Re: Implementing SQL ASSERTION

From
Robert Haas
Date:
On Mon, Jan 15, 2018 at 11:35 AM, David Fetter <david@fetter.org> wrote:
> - We follow the SQL standard and make SERIALIZABLE the default
>   transaction isolation level, and

The consequences of such a decision would include:

- pgbench -S would run up to 10x slower, at least if these old
benchmark results are still valid:

https://www.postgresql.org/message-id/CA+TgmoZog1wFbyrqzJUkiLSXw5sDUjJGUeY0c2BqSG-tciSB7w@mail.gmail.com

- pgbench without -S would fail outright, because it doesn't have
provision to retry failed transactions.

https://commitfest.postgresql.org/16/1419/

- Many user applications would probably also experience similar difficulties.

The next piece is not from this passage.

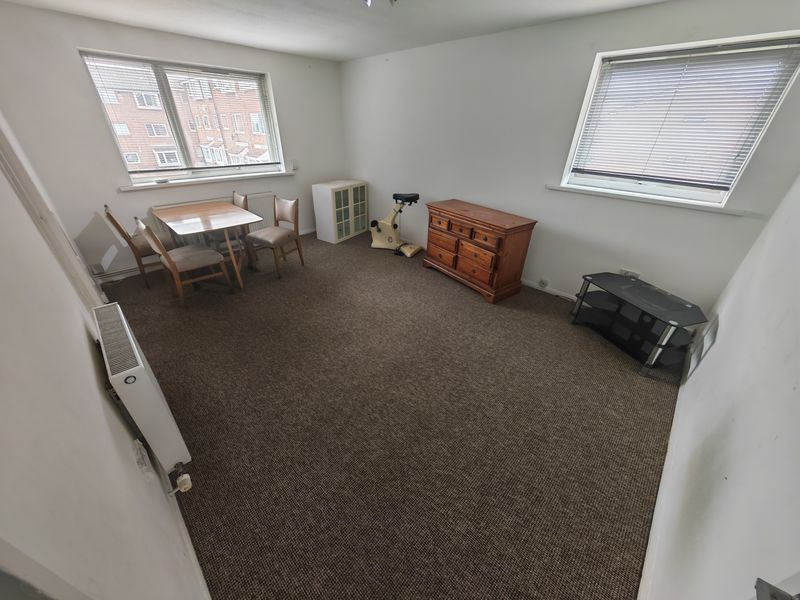 Property photo 2 of 7 Photo 10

- Parallel query would no longer work by default, unless this patch
gets committed:

https://commitfest.postgresql.org/17/1004/

I think a good deal of work to improve the performance of serializable
would need to be done before we could even think about making it the
default -- and even then, the fact that it really requires the
application to be retry-capable seems like a pretty major obstacle.

-- 
Robert Haas
EnterpriseDB: http://www.enterprisedb.com
The Enterprise PostgreSQL Company


Re: Implementing SQL ASSERTION

From
Thomas Munro
Date:
On Sat, Mar 10, 2018 at 6:37 AM, Robert Haas <robertmhaas@gmail.com> wrote:
> On Mon, Jan 15, 2018 at 11:35 AM, David Fetter <david@fetter.org> wrote:
>> - We follow the SQL standard and make SERIALIZABLE the default
>>   transaction isolation level, and
>
> The consequences of such a decision would include:
>
> - pgbench -S would run up to 10x slower, at least if these old
> benchmark results are still valid:
>
> https://www.postgresql.org/message-id/CA+TgmoZog1wFbyrqzJUkiLSXw5sDUjJGUeY0c2BqSG-tciSB7w@mail.gmail.com
>
> - pgbench without -S would fail outright, because it doesn't have
> provision to retry failed transactions.
>
> https://commitfest.postgresql.org/16/1419/
>
> - Many user applications would probably also experience similar difficulties.
>
> - Parallel query would no longer work by default, unless this patch
> gets committed:
>
> https://commitfest.postgresql.org/17/1004/
>
> I think a good deal of work to improve the performance of serializable
> would need to be done before we could even think about making it the
> default -- and even then, the fact that it really requires the
> application to be retry-capable seems like a pretty major obstacle.

Also:

- It's not available on hot standbys.  Experimental patches have been
developed based on the read only safe snapshot concept, but some
tricky problems remain unsolved.

- Performance is terrible (conflicts are maximised) if you use any
index type except btree, unless some of these get committed:

https://commitfest.postgresql.org/17/1172/
https://commitfest.postgresql.org/17/1183/
https://commitfest.postgresql.org/17/1466/

-- 
Thomas Munro
http://www.enterprisedb.com


Re: Implementing SQL ASSERTION

From
Joe Wildish
Date:
>
>>
>> This patch no longer applies.  Any chance of a rebase?
>>
>


Attached is a rebased version of this patch. It takes into account the ACL checking changes and a few other minor
amendments.

Cheers,
-Joe




Attachment

Re: Implementing SQL ASSERTION

From
David Fetter
Date:
On Sun, Mar 18, 2018 at 12:29:50PM +0000, Joe Wildish wrote:
> > 
> >> 
> >> This patch no longer applies.  Any chance of a rebase?
> >> 
> > 
> 
> 
> Attached is a rebased version of this patch. It takes into account the ACL checking changes and a few other minor
amendments.

Thanks!

Best,
David.
-- 
David Fetter <david(at)fetter(dot)org> http://fetter.org/
Phone: +1 415 235 3778

Remember to vote!
Consider donating to Postgres: http://www.postgresql.org/about/donate


Re: Implementing SQL ASSERTION

From
David Fetter
Date:
On Sun, Mar 18, 2018 at 12:29:50PM +0000, Joe Wildish wrote:
> > 
> >> 
> >> This patch no longer applies.  Any chance of a rebase?
> 
> Attached is a rebased version of this patch. It takes into account
> the ACL checking changes and a few other minor amendments.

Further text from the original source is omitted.